On World Teachers’ Day, 5 October, Education International (EI) launched “The Status of Teachers and the Teaching Profession – A Study of Education Unions’ Perspectives”. The report was commissioned by EI in 2014. It was carried out by Vasileios Symeonidis and is based on a literature review and an extensive survey of 73 EI member organisations from across the world.
The education workforce plays a central role in providing quality education. In May 2015 at the World Education Forum (WEF) in Incheon, Korea, governments and international organisations committed to “ensure that teachers and educators are empowered, adequately recruited, well-trained, professionally qualified, motivated and supported within well-resourced, efficient and effectively governed systems” (Incheon Declaration). Furthermore, the importance of education and teachers is recognised in the newly adopted Sustainable Development Goals, which were adopted at the UN Sustainable Development Summit September 25–27, 2015 in New York, USA (click here to read more about the SDGs and how EI views them).
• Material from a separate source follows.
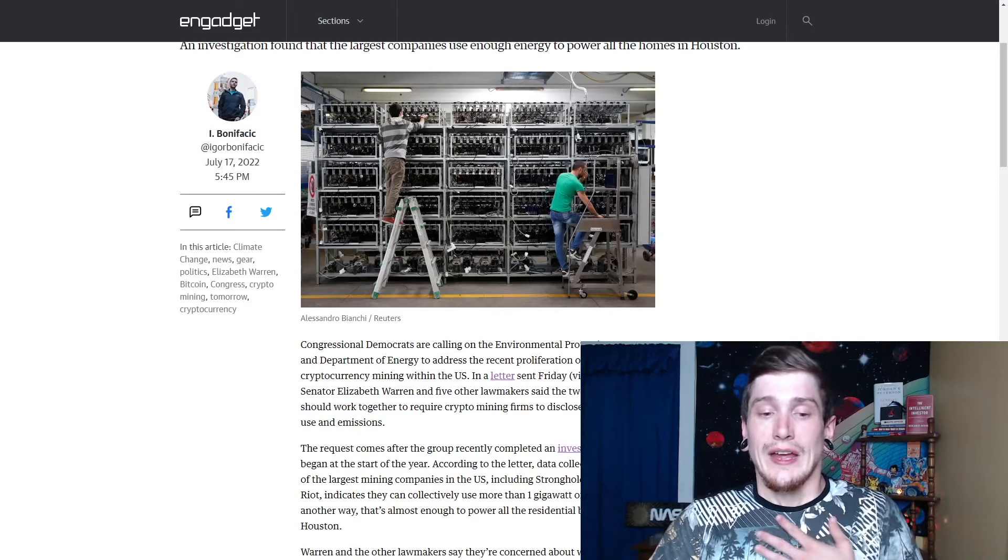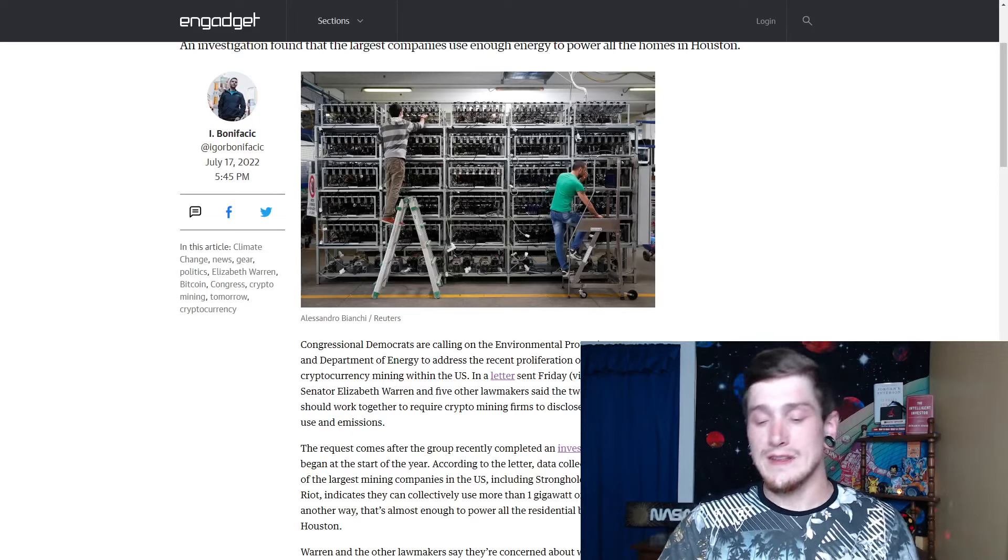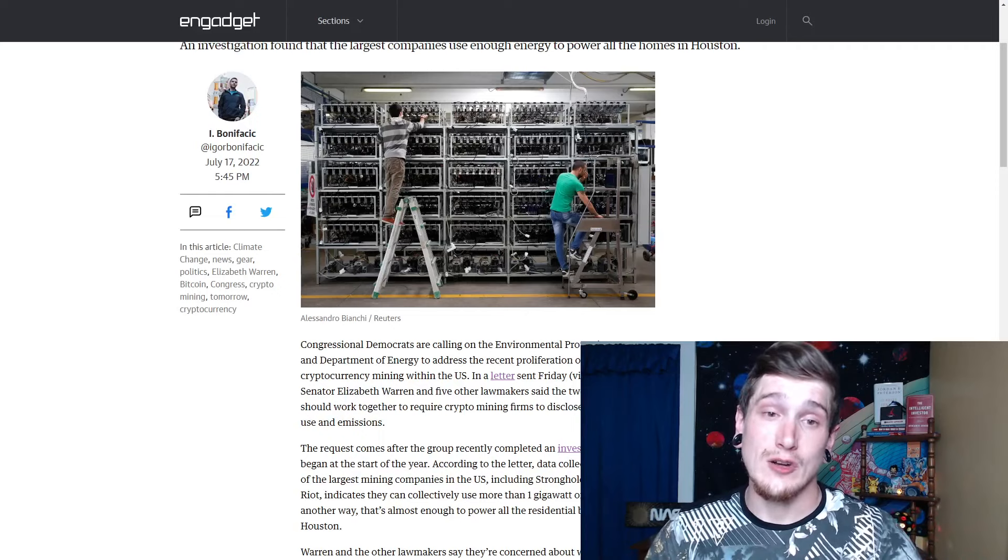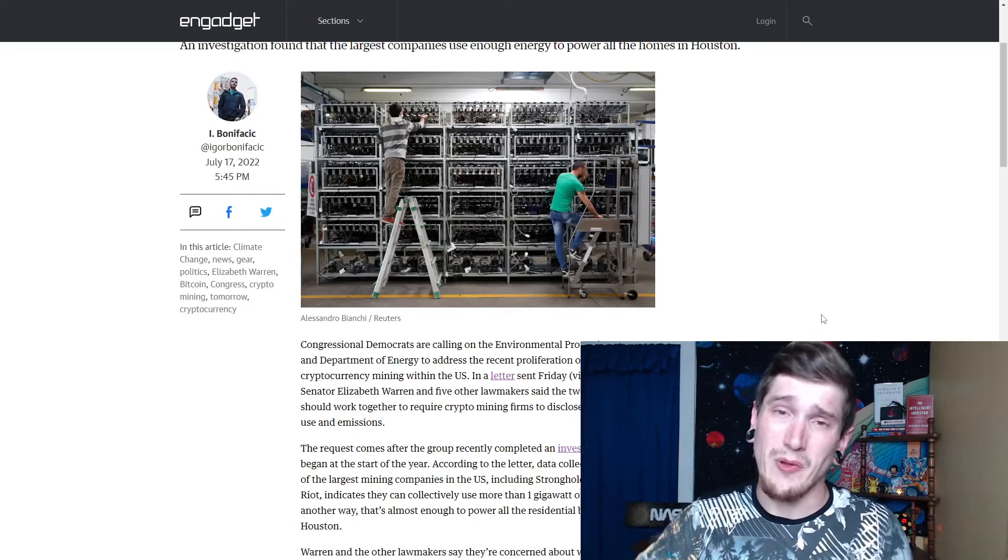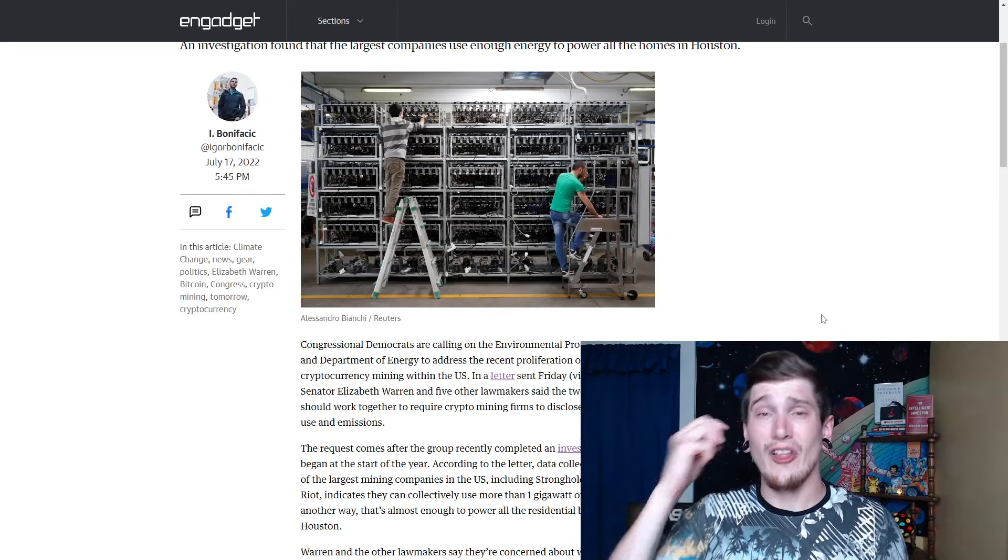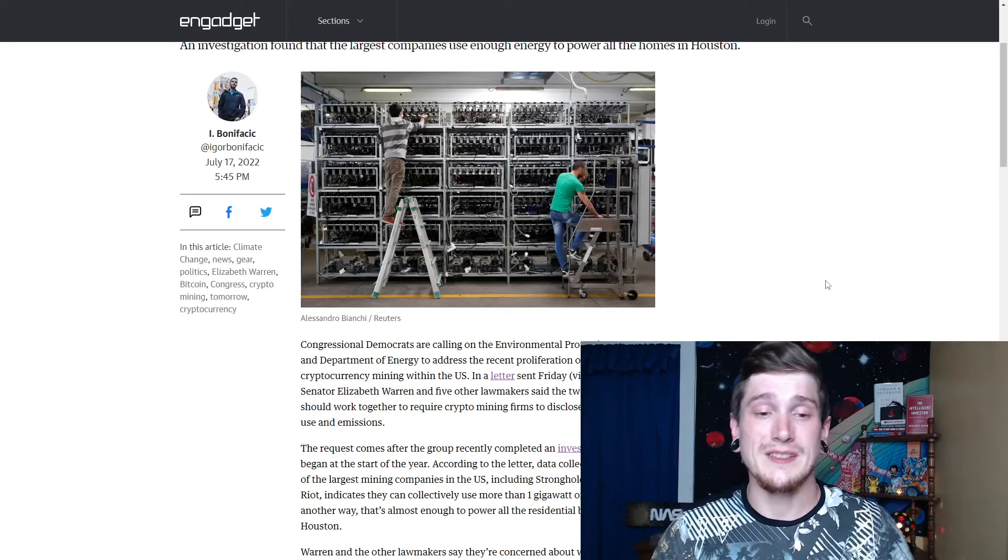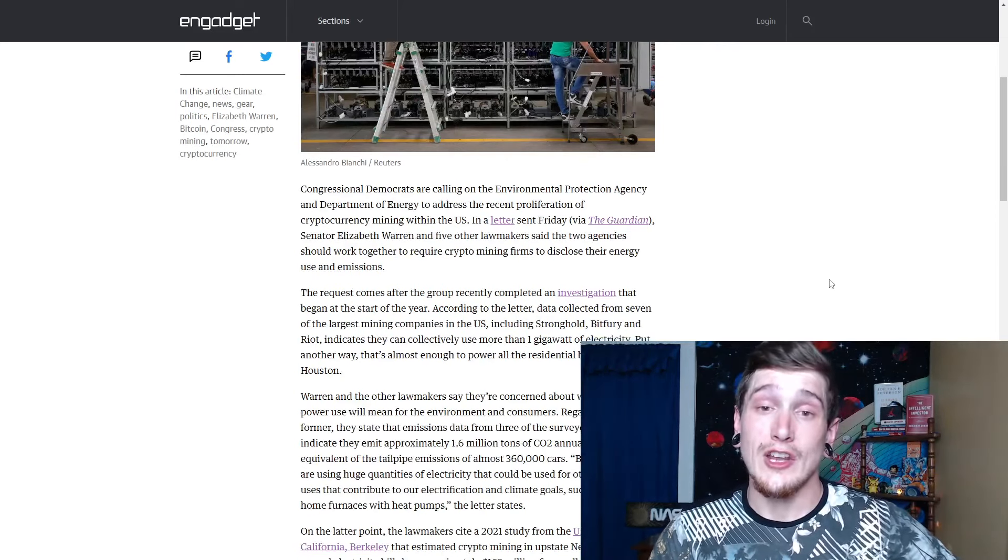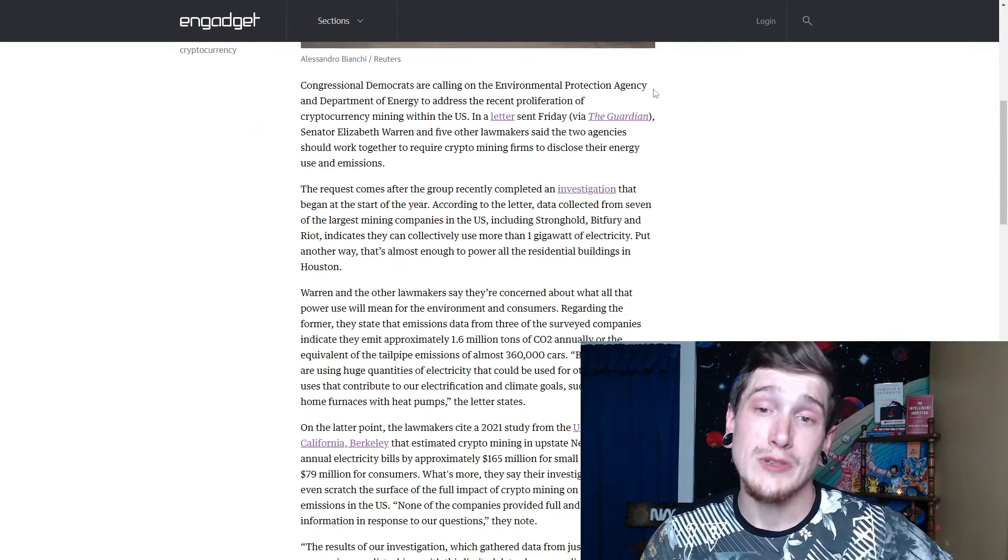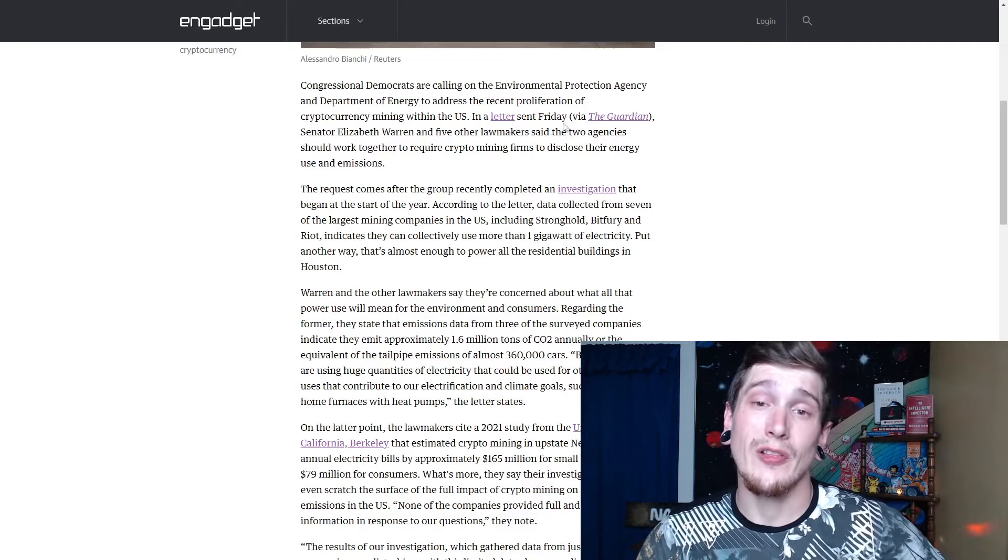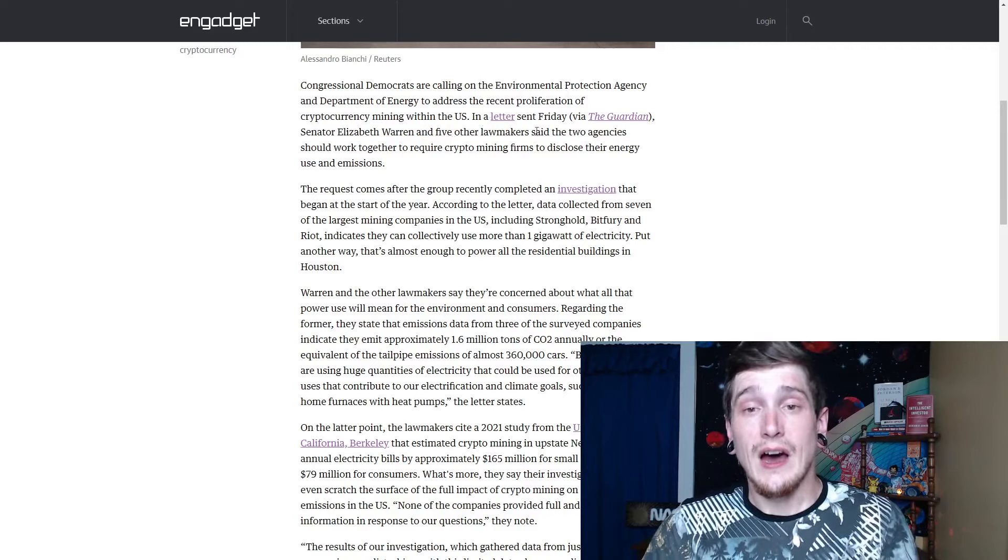However, I don't believe it's as big of a con as some do. Obviously, as we know with the media, they never let a good crisis go to waste. So anything that they can use or amplify to leverage any sort of voting or political sense, they're going to do. At the end of the day, a lot of the time they don't exactly have the people in their best interest or more of pawns to get votes, to get them to, and their lobbyists to approve things that they want to get done as sad as it is. But congressional Democrats are calling on the environmental protection agency and department of energy to address the recent proliferation of cryptocurrency mining within the US.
World Teacher Day was celebrated under the slogan “Empowering Teachers –Building Sustainable Societies” this year. On this occasion the international education community highlighted the critical role that teachers and education support personnel play in providing quality education and fostering the development of just and sustainable societies.
However, as revealed in the teacher status report, the professional status of teachers is far from ideal and there is still a long way to go in order to improve the prestige and status of teachers. Austerity policies have often resulted in less favourable working conditions and wages, limited fundamental professional freedoms, and cutbacks of teacher training. Despite the increased awareness of the need to close the teacher gap, the report showed that there has been a decline in teacher status, particularly in early childhood education, vocational education and training and among education support personnel.
The main causes and signs of the decline in teacher status are:
- sub-standard teacher preparation programmes and the recruitment of unqualified personnel,
- infringements on academic freedom and professional autonomy,
- serious violations of teachers’ human and trade union rights,
- poor salaries and working conditions, quite often less than those of professionals with comparable qualifications in other sectors, and
- increasing privatisation in and of education leading to “competitive attitudes, precarious employment, and high-stakes evaluation”.
The study is yet another piece of evidence of how austerity policies negatively impact the education sector, the teaching profession and, the right to free, quality education for all. As such, if we want to achieve the targets of the new 2030 Agenda for the education sector and beyond, we have to take the concerns expressed in this survey seriously and mobilize in order to improve the status of teachers and the teaching profession.